- Jeanette singing at the Exposé reunion concert in 2007

Background information
- Born: Jeanette Livier Jurado
- Genres: Dance-pop, house, hi-NRG, dance, adult contemporary, freestyle
- Occupations: Vocalist, songwriter, actress
- Years active: 1986–present
- Label: Arista (1986–1996)
- Member of: Exposé

= Jeanette Jurado =

Jeanette Livier Jurado is a member and lead vocalist of the popular American girl group, Exposé, along with Ann Curless, Gioia Bruno and, in the group's later years, Kelly Moneymaker.

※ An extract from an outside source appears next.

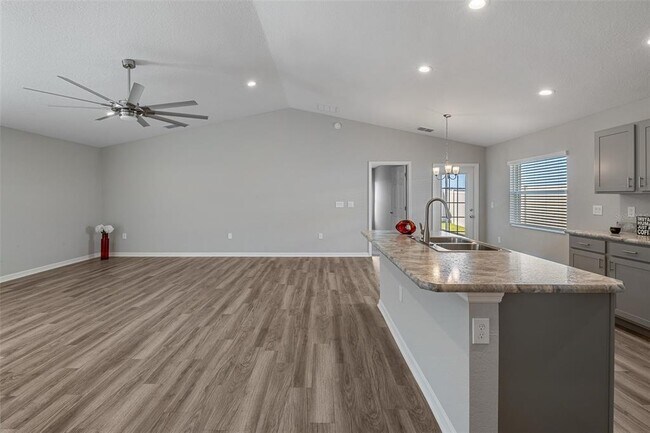 Building Photo - 378 Pentas Ln
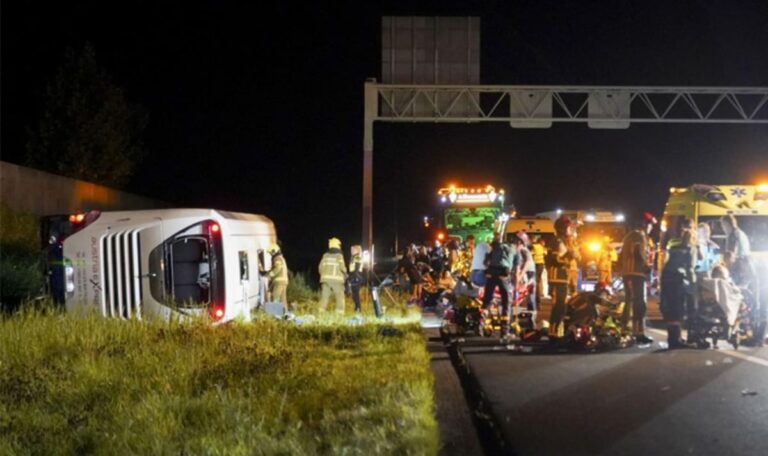 Schülerbus kippt auf Autobahn um – acht Verletzte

She provided lead vocals on many of the group's songs, including its three biggest hits, "Come Go with Me", "Point of No Return" and "Seasons Change". She has also performed in at least one film, My Family (Mi Familia). In addition, Jurado has performed in Las Vegas as a part of several bands and in the show MadHattan.

==Musical career==
Jurado was active in Exposé from 1986 to 1996, when the group disbanded. Exposé was among the biggest stars of the late-1980s Latin freestyle boom. She sang lead on the group's biggest hits, including their #1 hit ballad "Seasons Change". The trio was the first group in music history to have four top-ten hits from their debut album, Exposure.

When a new version of the group Exposé was created in 1986 out of the band X-Posed, Jurado was brought in by Lewis A. Martinée as the new lead singer. At the time, she was singing for an R&B cover act that opened for the original version of Exposé.

After the group quickly began racking up hits early on and began touring, Jurado experienced homesickness and lethargy while touring Europe.

Jurado has been compared with fellow Latin freestyle group vocalist Lisa Velez of Lisa Lisa & Cult Jam. Jurado's voice is commanding while projecting an "almost-untrained innocence" described as giving an "appealingly raw and sentimental R&B delivery" to "Seasons Change" that helped to make it a radio hit.

==Personal life==
Jurado was born in East Los Angeles, California before her family moved to Pico Rivera, California when she was a young child. She is of Mexican American descent and describes growing up in a vibrant, largely Latino neighborhood and community. She is the middle child of three sisters.

She is married with two children.

Jurado grew up with music throughout her life. She began singing when she was around 15 years old and cites Barbra Streisand and The Carpenters as influences.